Je devinais : c’était l’inspecteur, Monsieur Broussaillet, mon ancien professeur à l’École Normale. J’étais dans de jolis draps ! Je fus frotté d’importance, dur et longtemps… J’eus beau dire que les petits paysans ont besoin de s’exercer aux travaux rustiques…, que le père Pigasse était bien dans l’embarras…, qu’il y avait là une question d’humanité, de solidarité… Il ne voulut rien entendre. Il consulta le tableau des classes, constata que j’avais fait perdre à mes élèves de la première division une leçon sur l’accord du verbe avec son sujet et une lecture au Manuscrit ; à ceux de la deuxième, une séance d’écriture et la récitation de huit vers du Petit Savoyard, et, à la troisième, une lecture au treizième carton, plus le chant de l’hymne national La Reine Hortense. Bref, il me fit comprendre que j’étais un maître inexact et fantaisiste et que, s’il ne demandait pas mon déplacement, encore cette fois, c’est qu’il avait été mon professeur, et qu’il espérait me ramener aux saines pratiques de la pédagogie.

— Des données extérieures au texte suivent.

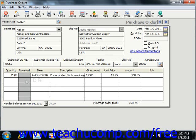The Item field shows the item ID of the items if used. The Description shows the description of the selected item. The GL Account field shows the item's inventory account. When ordering items not in inventory, it will default to the vendor's purchase account, which can be changed if needed. You also need to enter the unit price and amount.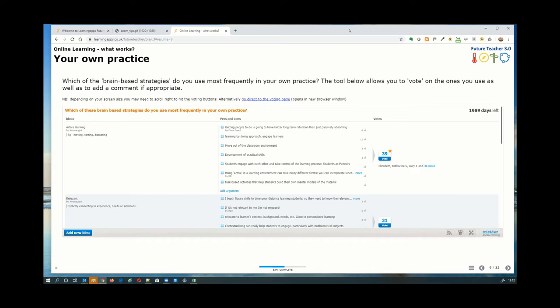Remember, any of these resources you can use with your own staff. Because they're on Zerte, if you've got a Zerte installation in your own organization you can adapt them, take them apart, and put them back together in different ways. Use the Tricider link Ron's put in the chat, or the long link to the page where it's embedded in the learning object.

Je ne reçus donc pas mon changement à la rentrée suivante ; mais, comme à l’histoire des foins s’ajouta, un peu plus tard, celle de la leçon de géographie dans les gorges de la Durenque…
– Contez-nous encore ça, monsieur Bonneguide, suppliait Panissat.
– Ah ! non, mes amis, je vous ferais manquer les vêpres… Ce sera pour une autre fois…, quand monsieur l’abbé Reynès nous invitera à manger la morue, par exemple le Jeudi-Saint… Qu’il vous suffise donc de savoir que, l’année d’après, Monsieur Broussaillet se montra d’autant plus impitoyable qu’on lui avait raconté qu’aux Aganitz, je ne daignais pas mettre les pieds au cabaret du « Lapin Vert », où fréquentaient les purs, les biens pensants, à savoir : un mouchard du temps des Commissions mixtes, un forçat libéré retour de Cayenne et un épicier failli. Je m’attendais à être envoyé à Mandailles, lieu de déportation ordinaire des instituteurs du Rouergue mal notés ; mais on fut indulgent, et on me nomma à La Garde-du-Loup…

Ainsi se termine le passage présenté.